→ Work required:
Among the entries below, which lines run from the line with "Image for Aritzia-Wilfred" through the line with "Original LP156QHG-SPT2 LG"? Retype those, both ends included, exactly and without pictures.

→ Records:
⟨

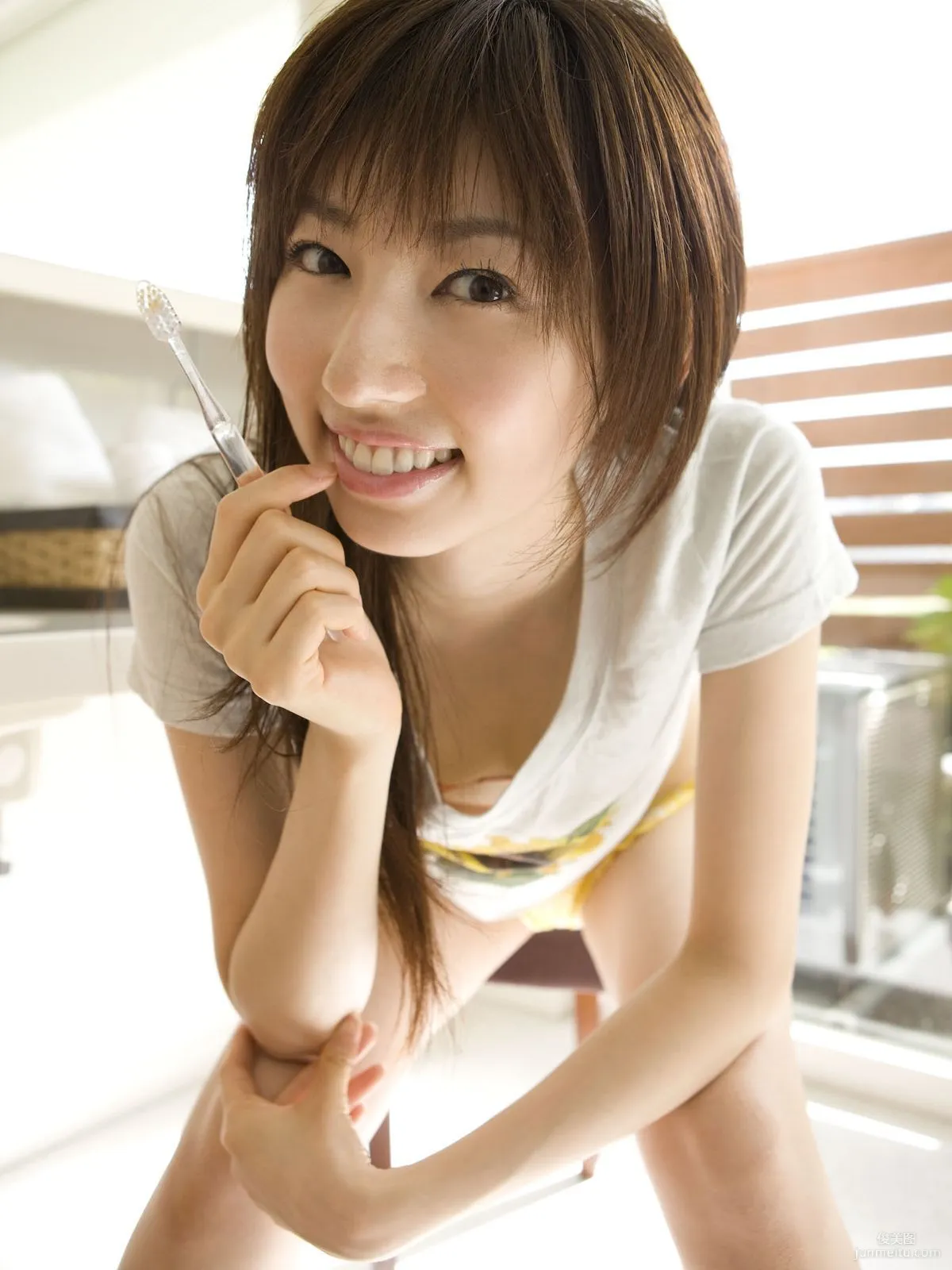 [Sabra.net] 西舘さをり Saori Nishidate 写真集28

⟩
⟨

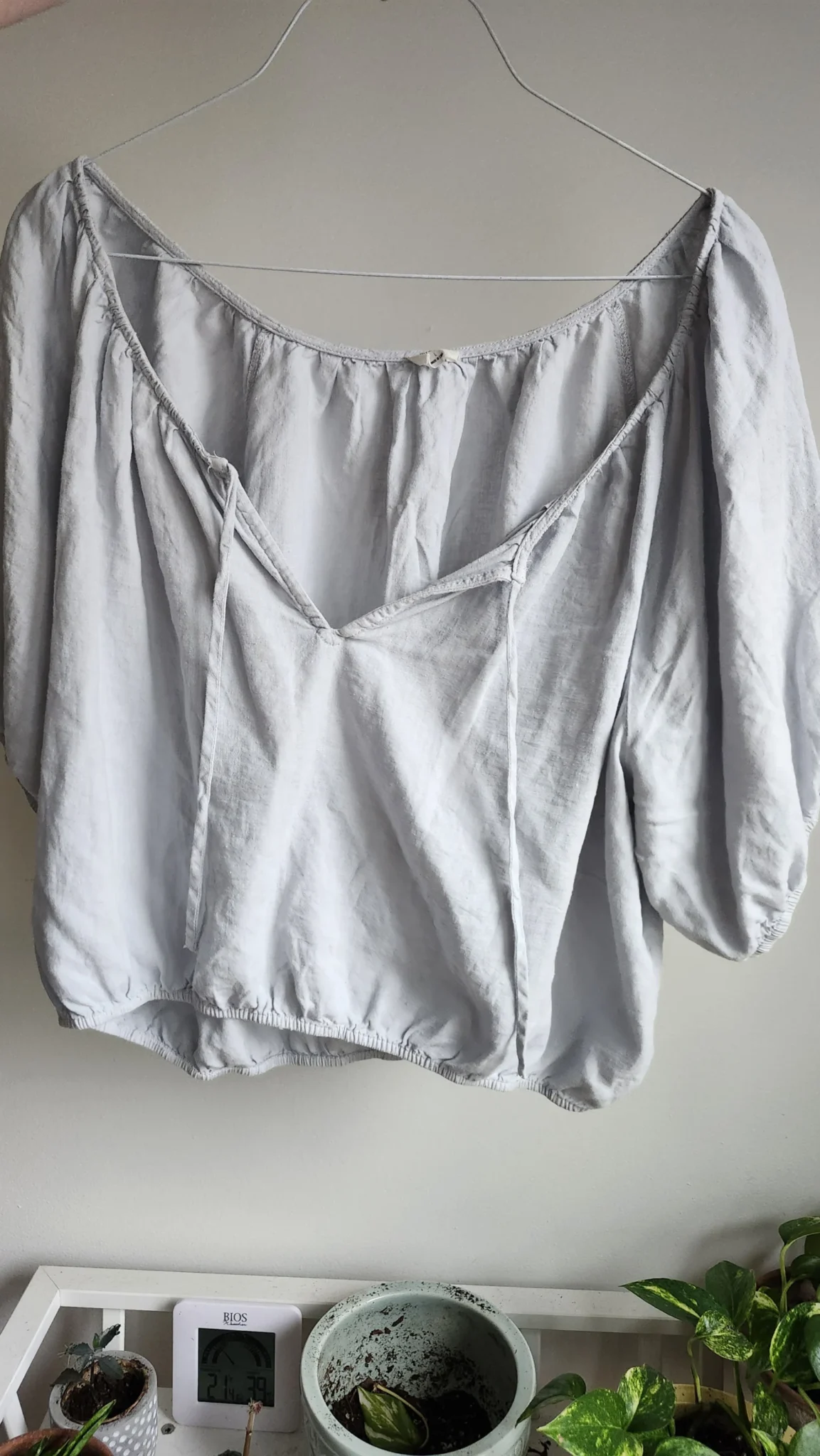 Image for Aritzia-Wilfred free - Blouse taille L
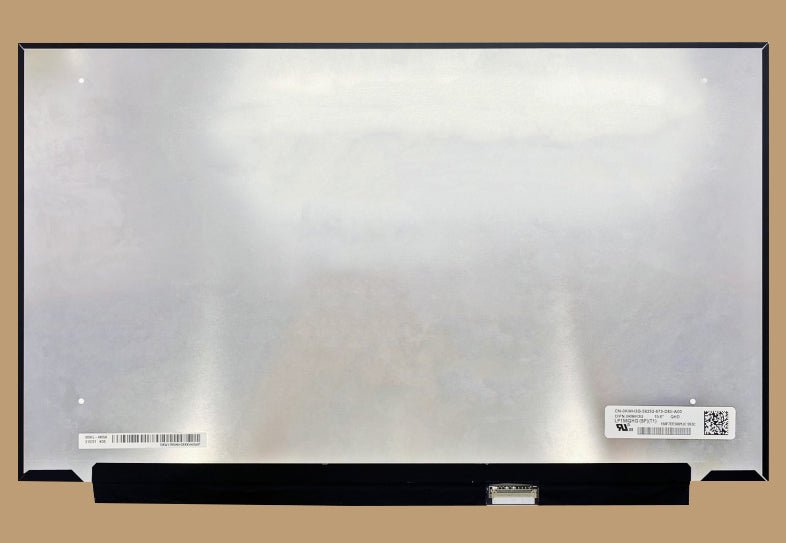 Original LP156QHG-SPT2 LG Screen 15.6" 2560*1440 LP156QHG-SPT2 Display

⟩

→ Task answer:
 Image for Aritzia-Wilfred free - Blouse taille L
 Original LP156QHG-SPT2 LG Screen 15.6" 2560*1440 LP156QHG-SPT2 Display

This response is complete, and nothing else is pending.